Of course, there’s a whole range of bikes on offer, and these are often divided into different skill categories, the price of which tends to go up with the category:

  • Youth: Come in a smaller size than regular bikes, with a smaller wheel size, and are designed for smaller, younger riders buying their first BMX
  • Entry Level: If you’re buying your first BMX bike, and have stumbled upon this article as such, then we’d recommend an entry level bike for your purchase – they’re designed as a first proper BMX, with standard 20” wheel size. Even if you’ve done a little bit of riding before, this can still be a great shout for your first big purchase. Great for learning basic BMX tricks.
  • Mid Level: This should be what you buy following on from your entry level bike, as mid-level bikes pretty much accommodate everything you’ll need from your ride unless you’ve proved a bit of a natural and need to move on to a pro-bike! These are normally stronger and lighter than entry level and often used as a canvas from which to build a custom frame.
  • Pro Bikes: Normally clocking in at over £500, these will be the best bikes on the market.

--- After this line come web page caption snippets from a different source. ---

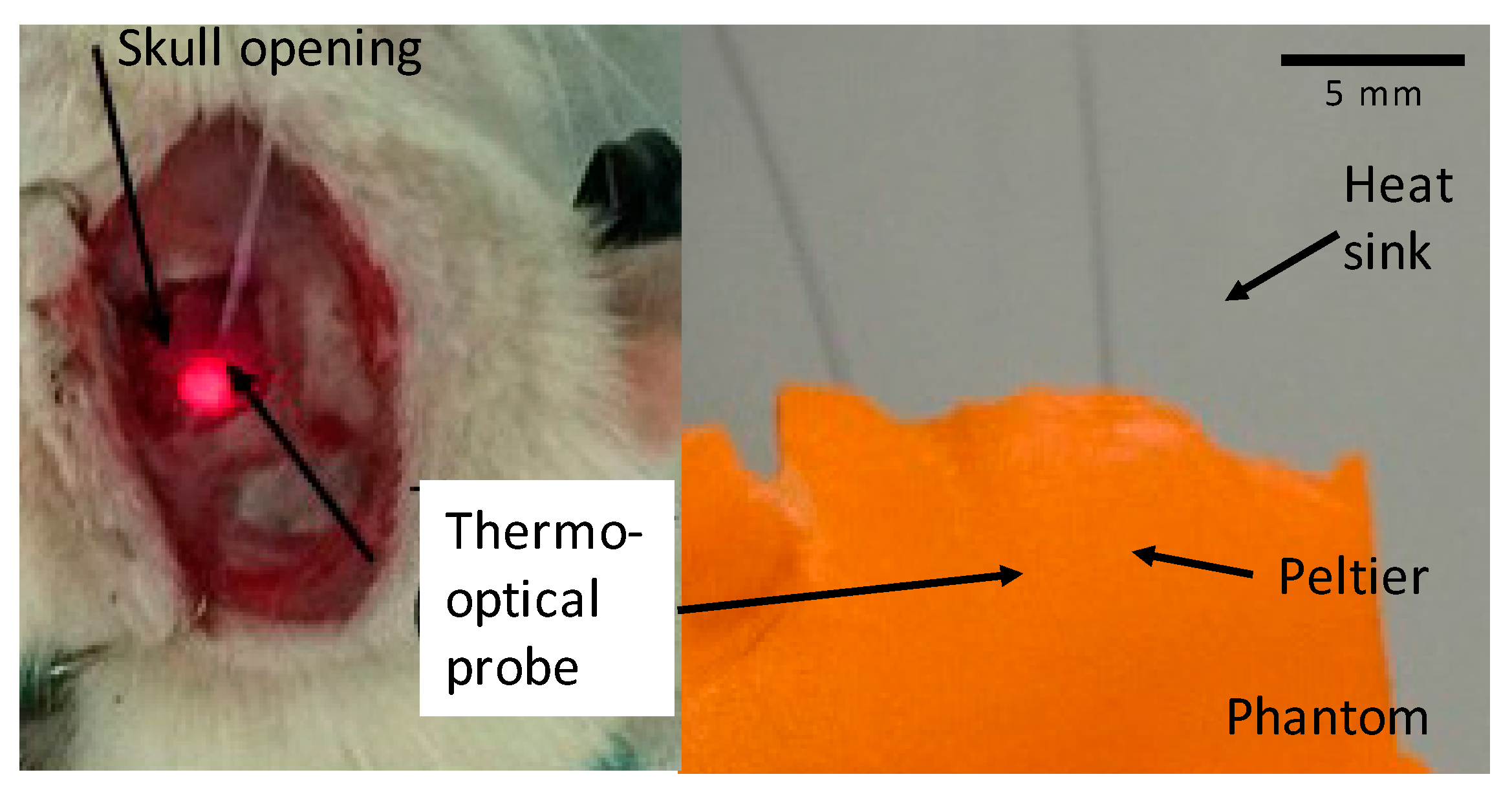 Micromachines 09 00047 g006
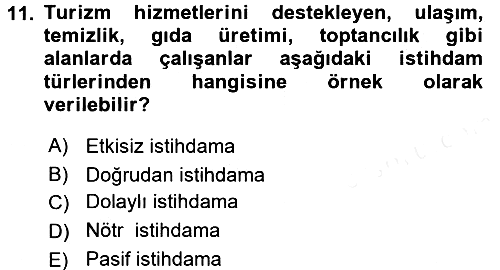 Turizm Sosyolojisi 2016-2017 Dönem Sonu Sınavı - 11. soru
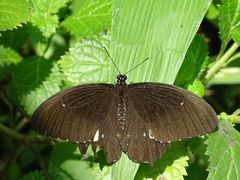 Papilio castor
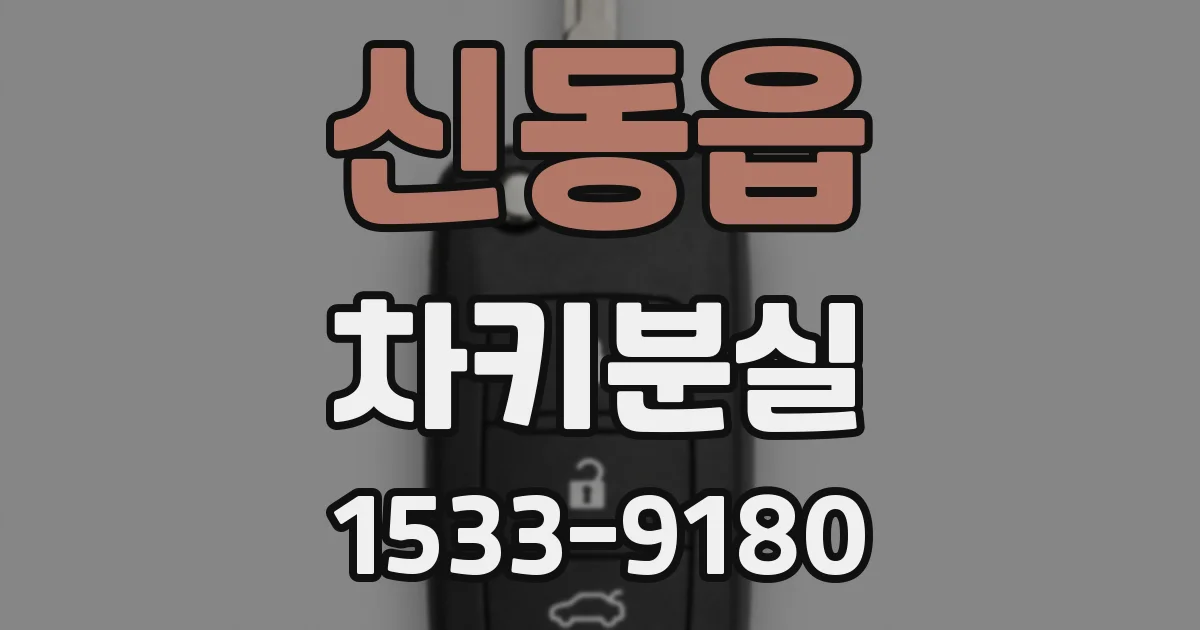 신동읍 차키분실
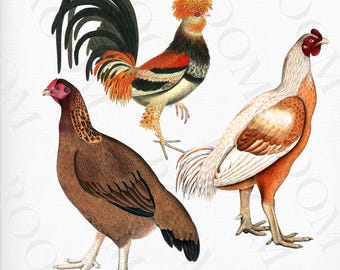 Illustrated chickens, Farm birds, Bird illustration, Chicken portraits, Bird illustration, Chicken portraits.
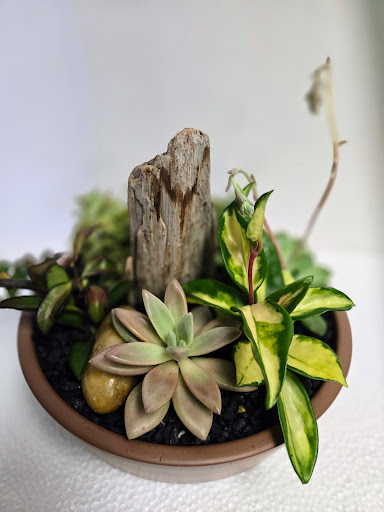 O'Fleuriste - Visual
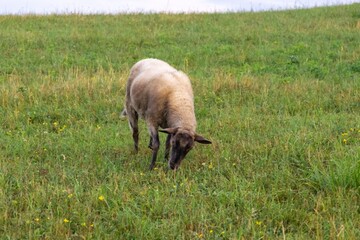 Sheep on the meadow eating grass in the herd. Slovakia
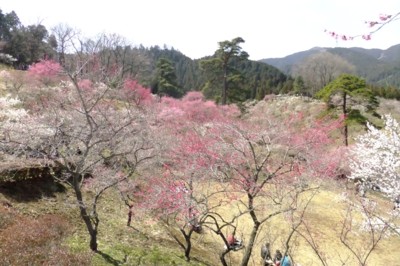 東京・青梅　梅の公園　花見（8分咲き）に自宅から歩く　2012.4.1 020.jpg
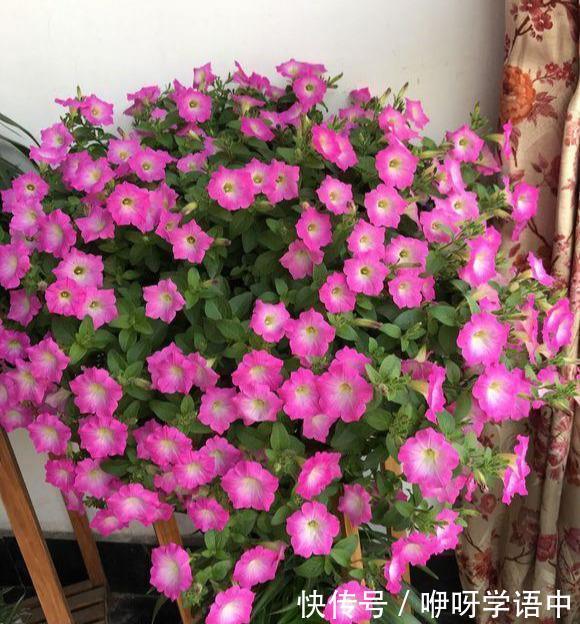 孤零零|3种“掐头花”,娇生惯养不成器,天天修理它,月月爆花球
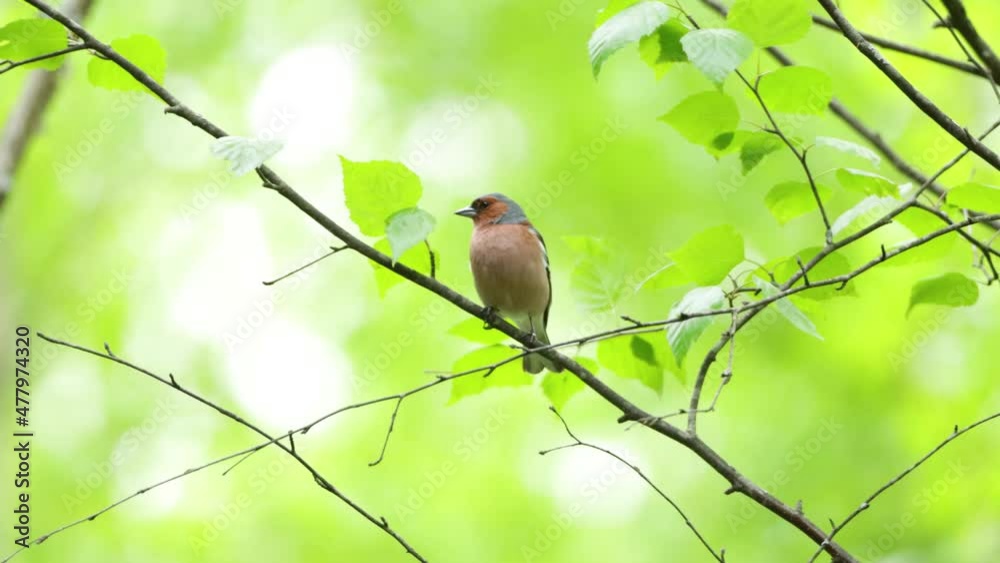 Adult male Common chaffinch, Fringilla coelebs standing on a Birch branch on a spring evening in Estonian boreal forest. Adult male Common chaffinch, Fringilla coelebs standing on a Birch branch on a spring evening in Estonian boreal forest.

Customisable to the max and can pretty much put up with anything you throw at it… But not for beginners! Don’t try and fly like Mat Hoffman before you can roll.

Specifics to Look For When Buying a First Complete BMX Bike


If you’re sticking to our recommendations and going for an entry level first BMX bike, then we’d recommend going down to your nearest BMX shop and having a look around.

What’s important to consider though, is how often you’re going to ride the bike. If you’re only planning to take it down to the skate park on weekends every now and then, a cheaper entry level bike will do you well – remember, most proper BMX shops won’t stock any bike that isn’t good – while if you’re planning to hit it hard every day, a more upmarket, sturdier ride will do you well. Here are a few important points to consider:

  • Sizing: The most important thing of all. Get your local bike shop to measure you up so that you get the right frame size for your bike. BMX bikes are measured by the top tube. If you’re under 5ft 7”, you’re top tube length should be 20.25”, while if you’re over 6ft, you’ll likely be better with a top tube around 21” or over. Get measured up and get this right!
  • Weight: Buying a BMX bike that is super lightweight can be pretty expensive, but luckily for you, you don’t need a first BMX bike that’s super lightweight. What you do need is a ride that’s light enough to let you keep control, maintain energy levels and provide a good amount of manoeuvrability. Generally, lighter bikes will have better parts too, as the parts have been made with all of this in mind, so though they may cost a little extra, they’ll last you that much longer.
  • A lot of entry and intermediate level bikes use steel tubing for their frame, but if you come across a complete with 4120 cromoly, you’ll have a frame that’s stronger and lighter. This isn’t an absolute essential for a first BMX bike, and is normally more common on more advanced bikes, but it will improve the riding experience.
  • Many BMX bikes don’t come with breaks at all, but we’d recommend riding with at least a back break if you’re just getting involved.

  • Look for a small sprocket in the front, around 25-30t. Anything much bigger than that and there’s a good chance the bike will be heavy, difficult to trick and outdated.
  • Unsealed bearings can become loose and mean your bike could need a lot more work over time to keep it running smooth. If you look for sealed bearings in your front and rear hub, bottom bracket and headset, you’ll be riding clean for much longer.
  • Double wall rims, on the outside of the wheel, are a lot more durable than single, and as such will last you a lot longer. Single walls dent easily. Doubles don’t.
  • Cranks, the component that connects the pedals to the bike and turns the sprocket, need to be strong enough for your style of riding. Tubular cranks or branded cranks are both great options.
  • And this should go without saying, but give the bike a good test drive before you buy it! There’s no better way of telling whether a bike is for you or not than actually giving it a ride. Don’t get distracted by the shiny colours!